Historically Used In an Exclusive Sense, This Blog Aims to Explore What God's Up To Inside & Outside the Institutional Church

A “For Profit” False Prophet

He calls himself “America’s Prophet,” a psychic, trained by Nepalese monks in the art of time travel, who can foretell the future of the stock market. But to the authorities, Sean David Morton is simply a fraud — and a really, really bad psychic. The Securities and Exchange Commission sued Mr. Morton for securities fraud on Thursday, claiming he swindled more than $6 million from investors by promising them “piles of money,” along with spiritual happiness.

“I have called ALL the highs and lows of the market giving EXACT DATES for rises and crashes over the last 14 years,” Mr. Morton claimed at one point, according to the documents filed in connection with the case.  According to the S.E.C., Mr. Morton pledged to invest the money he collected with foreign currency traders, who would act according to his psychic revelations. The strategy purportedly earned returns as high as 117 percent over five-month periods.

The reality, the S.E.C. claims, was less impressive — and fraudulent. In court filings, the agency claims that Mr. Morton actually deposited only $3.2 million into the trading accounts. The rest was funneled to various entities, with $240,000 sent to the Prophecy Research Institute, a nonprofit religious group set up by the Mortons.
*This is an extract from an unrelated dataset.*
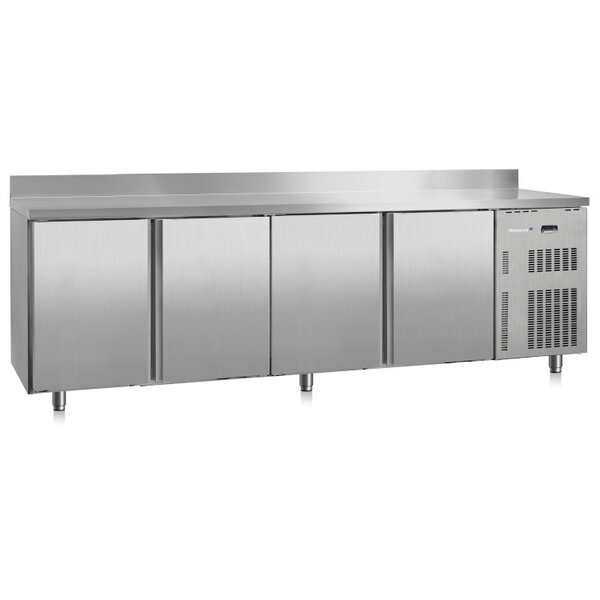 Gastro-Inox Marecos Softline RVS gekoelde werkbank 600mm diep met 4 deuren en achteropstand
His predictions weren’t particularly accurate, either. On a Nov. 21, 2001, radio broadcast, Mr. Morton predicted that the Dow Jones industrial average would rise between April and June of 2002, cresting at “12,000 or so” by December of that year. According to the S.E.C., the index fell that year, ending at 8,341.  “Morton’s self-proclaimed psychic powers were nothing more than a scam to attract investors and steal their money,” George S. Canellos, the director of the S.E.C.’s New York regional office, said in a statement.

Sadly in desperate times “A fool and his money are easily parted” and there are always “prophets practicing divination for money” (Micah 3:11) and they are found within the church as well as without. The church would benefit from its own “S.E.C.” – call it a “Spiritual Evaluation of Charisma.”